For the Nets, Brook Lopez led all scorers with 28 points and Bojan Bogdanovic, Rondae Hollis-Jefferson and Caris LeVert, all scored in double-figures chipping in 11 and 14 each respectively.

In the first half, the Nets were clicking on both sides of the ball, led by Lopez and Jefferson. Lopez scored 19 of his 28 points in the first half, highlighted by a couple of spin, step-through layups in the post that were Hakeem Olajuwon-esque on Valanciunas. Jefferson had some nice moments, taking his defender off the dribble, scoring 10 points at the half and as a group the Nets were looking good up 61-58.

In the third and fourth quarters, things went downhill for the Nets on offense due to the Raptors increased defensive pressure on Lopez. Toronto keyed in on the big-man, sending extra defenders and made sure to get the ball out of his hands. On several occasions, turnovers ensued and the Nets, collectively, just couldn’t find a rhythm on offense to prevent their 11th straight loss.

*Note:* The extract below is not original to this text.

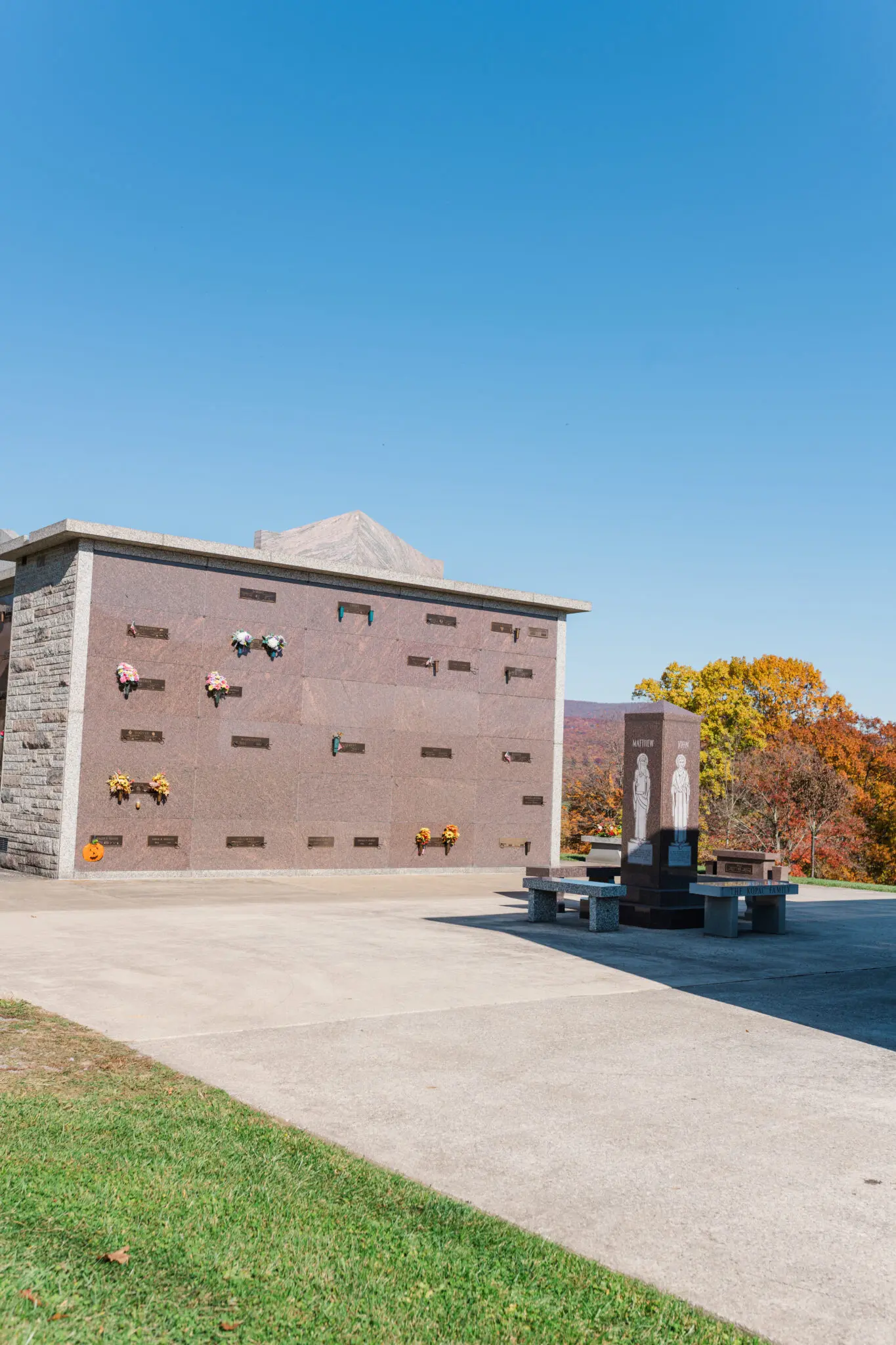 Mausoleum structure at Alto-Reste Park.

Despite their issues, the Nets know the season is far from over and can only do one thing: keep playing.

“You got to keep going,” Lopez said post-game. “We have a young group and we’re learning a lot on the fly so you got to just stay positive. We’re doing a lot well, just has not translated in the win column. I think we’re definitely going to break through soon. We just got to give ourselves a chance every night.”

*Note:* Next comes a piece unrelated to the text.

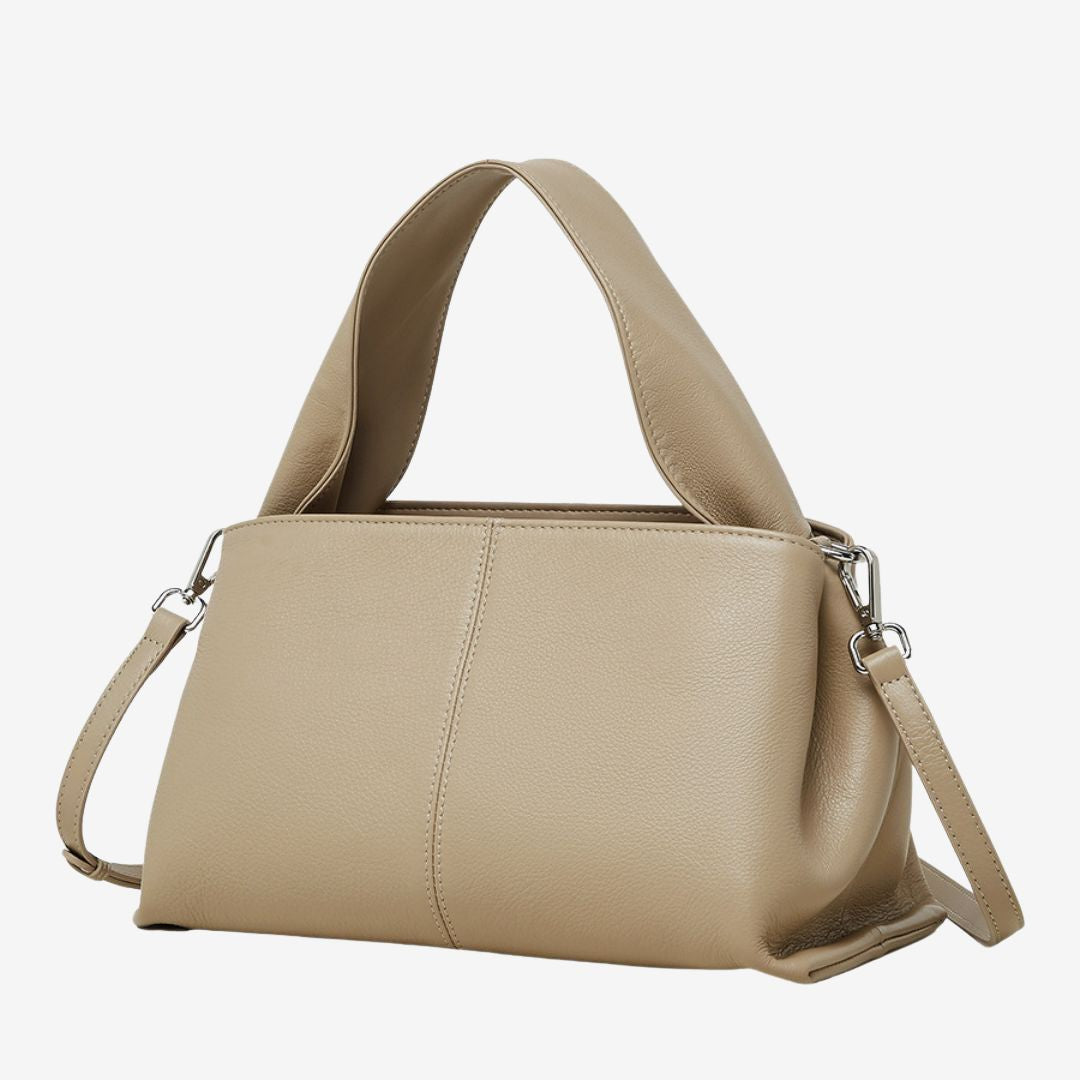 Livia Retro Messenger Bag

One of the bright spots on the Nets has been LeVert’s play as of late. The rookie who missed most of training camp, scored 14 points with four assists and took the challenge of going up against DeRozan, at times, on both ends. His play has sparked the debate of whether he should be taking teammate, Joe Harris’s minutes and head coach Kenny Atkinson acknowledged that it is something that he has to mull over going forward.

“He’s getting more confidence,” Atkinson said regarding LeVert’s play. “He’s got the athleticism at that position that we need and the size and the quickness. I think, again, once the game slows down a little more, he’s even going to get better.”

The Nets are now 8-33 on the season, and haven’t won since last year in late December against the Charlotte Hornets.